Progress on the fiscal deficit front is still inadequate. Though the nascent economy recovery is providing more tax revenues than projected last year, it is still not enough for the government to wean itself of issuing sovereign bonds again in FY 2005 and most likely until after FY 2007. However, according to Tachiki, the public debt problem is less serious than often thought, since most of this debt is short-term intra-government debt and another sizeable portion is accountable to quasi-government agencies. Seen in this light Japan's 'net' fiscal debt decreases from 160% of GDP to around 45%.

As far as regulation is concerned Tachiki recalls that for many decades an 'iron triangle' of bureaucrats, politicians, and business elites skilfully managed economic policy to 'steer' the Japanese economy. But it is now obvious that this arrangement is failing to maintain Japan's competitiveness in the 21st century. Consequently, prime minister Koizumi is committed to reform the 'iron triangle' in order to allow market forces or 'civil society' to play a greater role.

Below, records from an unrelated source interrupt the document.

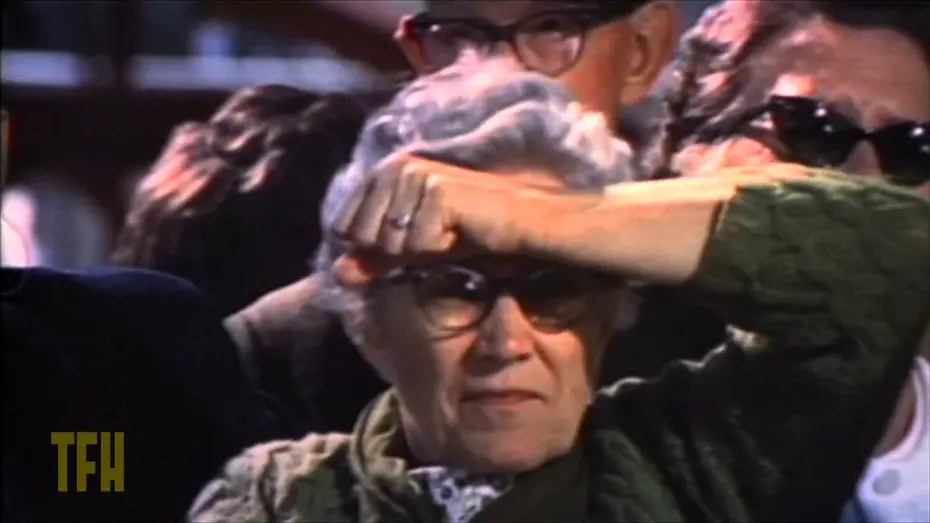 Video for the film Cold Turkey — Larry Karaszewski on COLD TURKEY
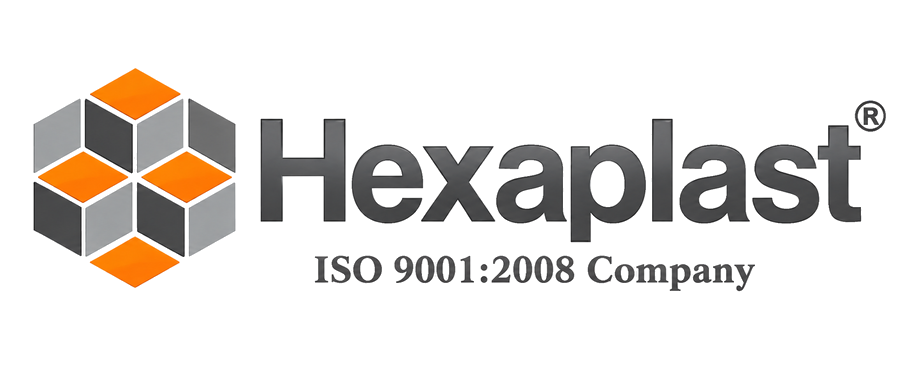 Lab Testing Equipment / Hexaplast Industries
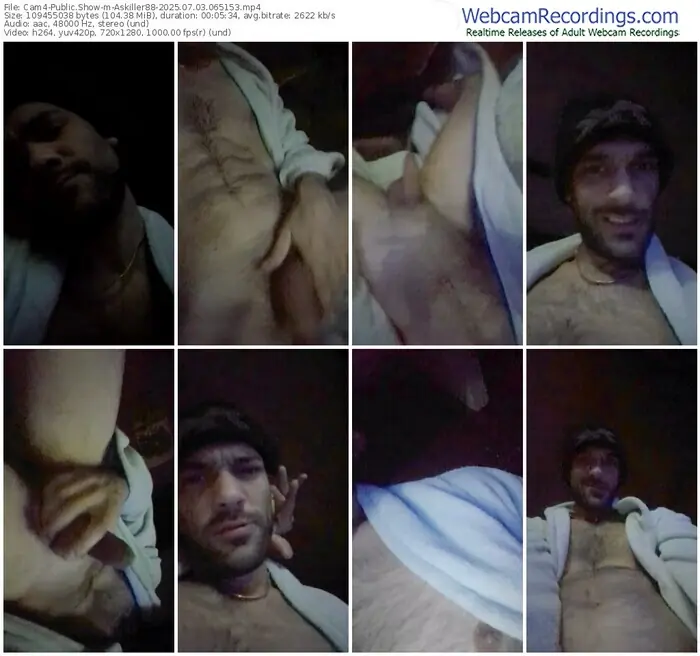 2025/07/03/cam4-askiller88-06-51-53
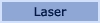 Laser Detectors and Laser Jammers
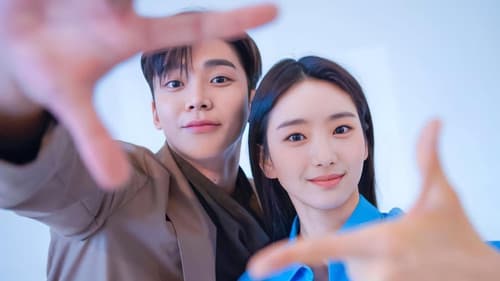 She Would Never Know Bild 2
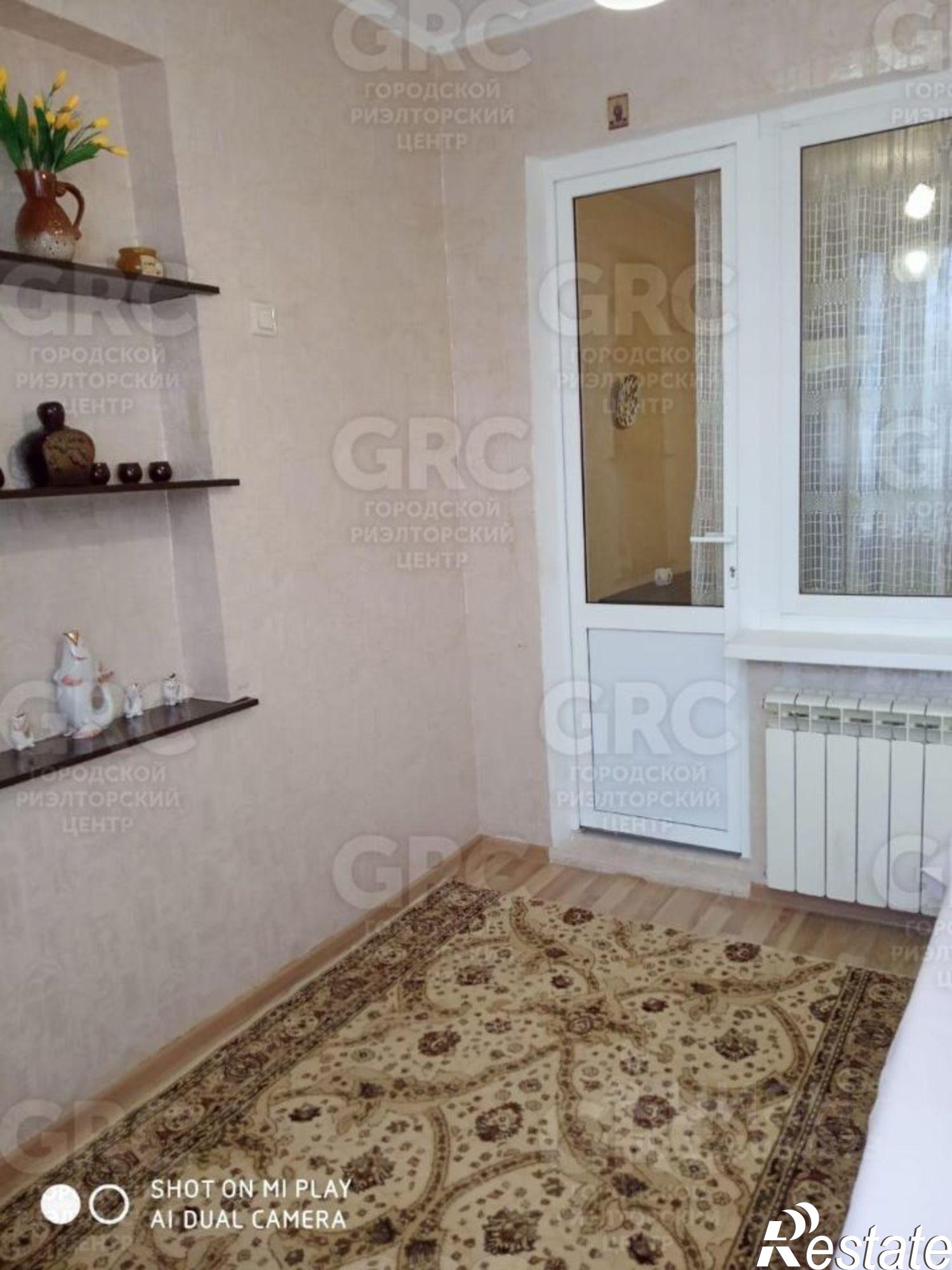 Купить квартиру за 11 000 000 рублей на ул Макаренко, 39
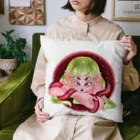 ArakakiPalomaのメラニー・マルティネス Cushion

Another interesting development is the establishment of a wave of new business ventures in the Internet-related sector, which is often referred to as 'Bit Valley'. This name has been derived from the English translation of Shibuya, the hip Tokyo neighbourhood where many of Japan's Netrepreneurs are headquartered. Shibuya means bitter valley, but this has been shortened to the more digital-sounding 'Bit Valley', the equivalent of New York's Silicon Alley. Even Japan's conservative politicians and change-averse bureaucrats now agree that Japan needs to nurture risk-takers if it wants to be competitive in the Net Age. Of course these ventures are primarily the result of demand pull factors. But they are also fostered by supply push forces. Because of the recent recession, large Japanese companies are no longer able to attract the nation's best and brightest with promises of lifetime careers. The result is that students and managers have decided to take a chance on risky start-ups. All this seems to herald an emerging individualistic entrepreneurial spirit and might imply that Japan is edging now towards a more western-style free market economy.

All in all I put my bets on an economic come-back of Japan.